Exercise aim: Please transcribe only the lines from the one holding "考研专业笔试是什么意思" through the final line of the data, both included, with no pictures.

::: The data

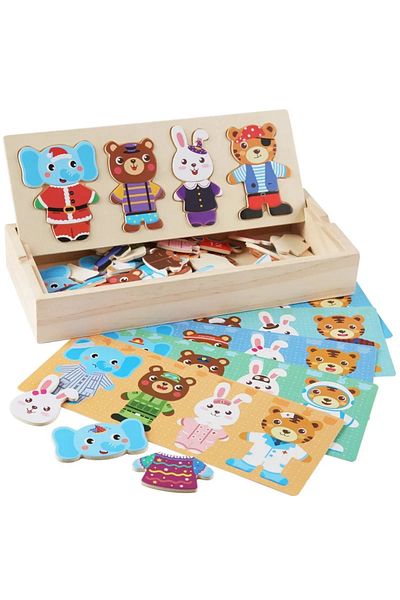 OEM Wooden Puzzle in a Box, Dress Up the Animals, Montessori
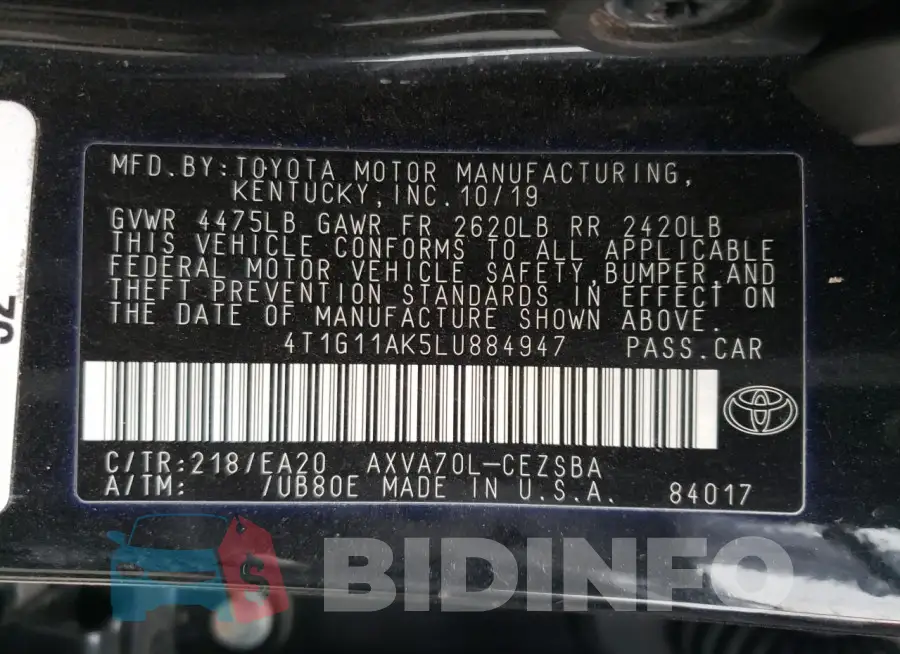 4T1G11AK5LU884947 Photo# 12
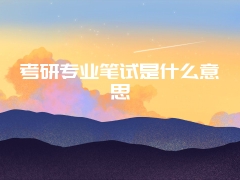 考研专业笔试是什么意思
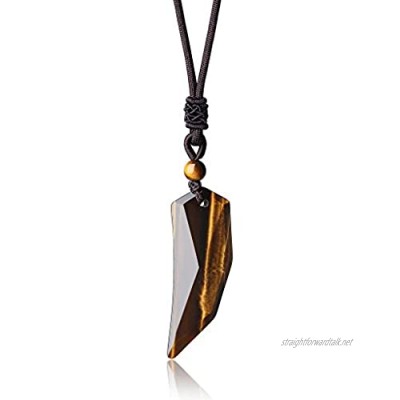 coai Mens Womens Wolf Tooth Stone Pendant Necklace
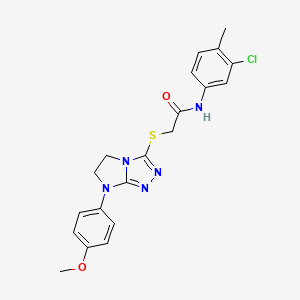 molecular formula C20H20ClN5O2S B3411763 N-(3-chloro-4-methylphenyl)-2-{[7-(4-methoxyphenyl)-5H,6H,7H-imidazo[2,1-c][1,2,4]triazol-3-yl]sulfanyl}acetamide CAS No. 921537-77-1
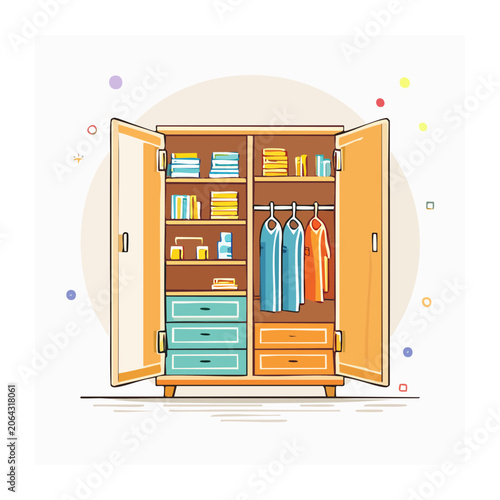 Open wardrobe with clothes and books in flat design style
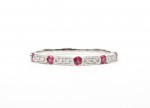 14K White Gold .03Ctw Diamond 1/5Ctw Ruby Stackable Band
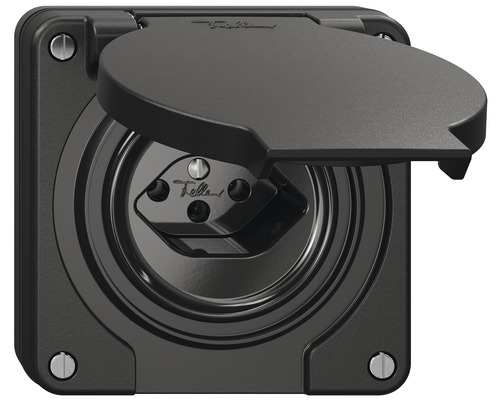 Feller NUP-Steckdose NEVO 1xT13 schwarz Feuchtraum Steckdose mit Klappdeckel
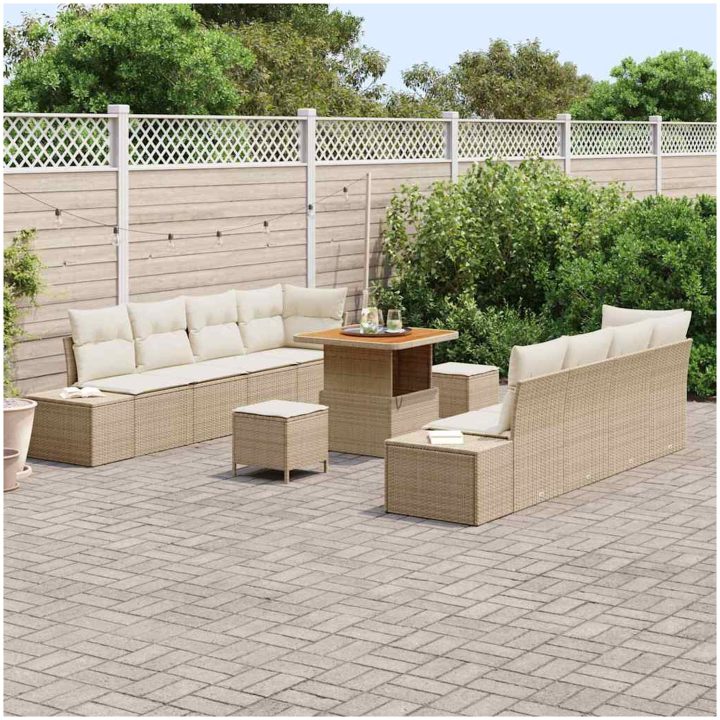 11-delars trädgårdsssoffor med kuddar Beige Polyrotang Akacia vidaXL Stor – bild 3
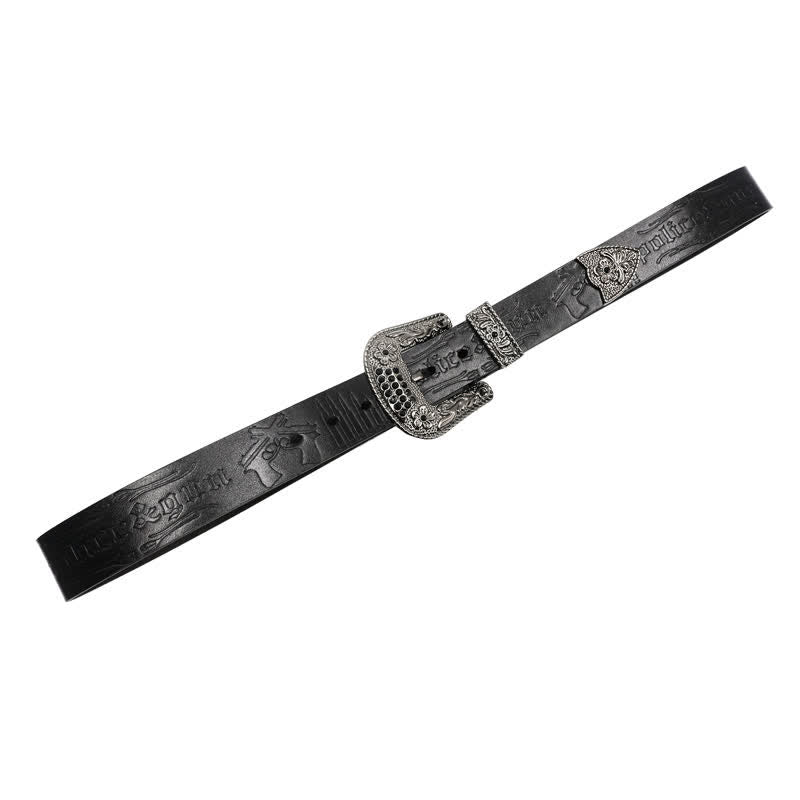 Rhinestones Buckle Gun Bullet Embossment Leder Gürtel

::::::

Task answer:
 考研专业笔试是什么意思
 coai Mens Womens Wolf Tooth Stone Pendant Necklace
 molecular formula C20H20ClN5O2S B3411763 N-(3-chloro-4-methylphenyl)-2-{[7-(4-methoxyphenyl)-5H,6H,7H-imidazo[2,1-c][1,2,4]triazol-3-yl]sulfanyl}acetamide CAS No. 921537-77-1
 Open wardrobe with clothes and books in flat design style
 14K White Gold .03Ctw Diamond 1/5Ctw Ruby Stackable Band
 Feller NUP-Steckdose NEVO 1xT13 schwarz Feuchtraum Steckdose mit Klappdeckel
 11-delars trädgårdsssoffor med kuddar Beige Polyrotang Akacia vidaXL Stor – bild 3
 Rhinestones Buckle Gun Bullet Embossment Leder Gürtel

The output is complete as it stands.